话都说到这个份上了,庄烟也懒得再浪费口水了。
听言,一屋子的女人除了童余果都纷纷把头埋的低低的。“王爷说了这么些话,无非就是自己善妒容不得别人女人侍候王爷。”
庄烟起身,迈着莲步嫣然一笑,靠近童余果耳边道:“我就是妒妇,你能拿我怎样?”继而声音让整个屋子里的人都能听见,“我揭了童姐姐的底,自然不怨你生我气,只是童姐姐这番话从何说起?”
“王妃娘娘这是犯了七出之条,有失女德!还有什么资格再坐这王妃之位。白嬷嬷一定会将王妃的言行禀报德妃娘娘,相信德妃娘娘会做出公允的处理。”瞪大双眸紧盯着庄烟,抑扬顿挫、气势鼎盛,声音回荡在大厅内。

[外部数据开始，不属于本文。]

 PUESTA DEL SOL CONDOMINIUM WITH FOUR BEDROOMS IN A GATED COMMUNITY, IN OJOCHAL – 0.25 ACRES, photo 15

德妃娘娘知道了又怎样,她是相爷之女,皇帝赐婚,可不是随随便便能休的女人!
庄烟素手扬起忽地落下,在她的脸颊上留个个五指印。“童姐姐莫约是忘记了,不管德妃娘娘怎么处理,但现下我还是王妃,随便打个没名分的奴才,我想还是可以的。”
她这是杀鸡儆猴,前面有岑雪的例子后又有童余果,让她们明白这府中女主人要想惩罚她们只不过是王妃一句话的事。

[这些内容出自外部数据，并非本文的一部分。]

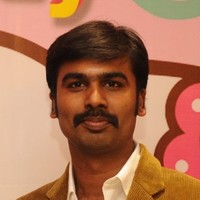 Karthikeyan Sridharan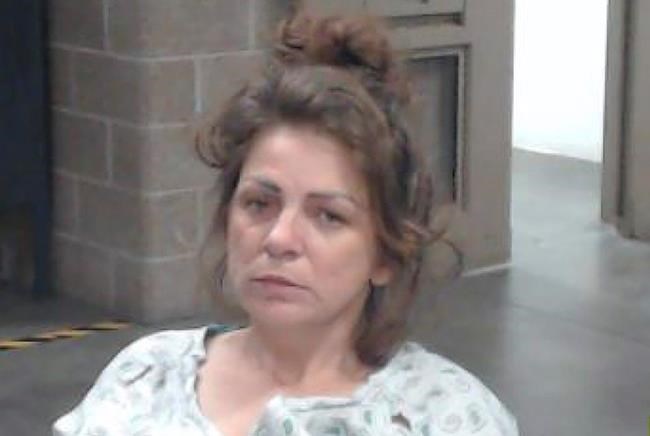 Woman charged with murder in crash that killed 3 in Kentucky | iNFOnews.ca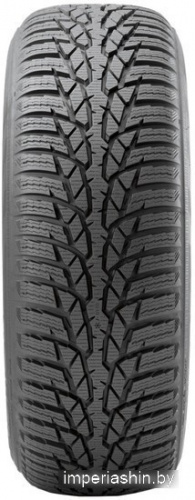 Nokian WR D4 225/45R17 94V фото 1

“你有这时间还不如去装傻子去哄骗王爷,说不定王爷给你抬了侧妃。”轻笑着,慢悠悠的飘出这么一句话。
这话又把风头对准了童余果。她还是一旁看着她们耍猴戏的好。
让账房从这个月扣李夫人七成的月钱,这也算是小惩大诫了。
关于怎么处理后院这些女人,徐嬷嬷也都教了庄烟几套,庄烟觉得不适用,徐嬷嬷教的法子都是利用男人宠爱来打压其她的女人。
庄烟觉得,靠禛礼这个呆子还不如不靠,靠自己才是硬道理。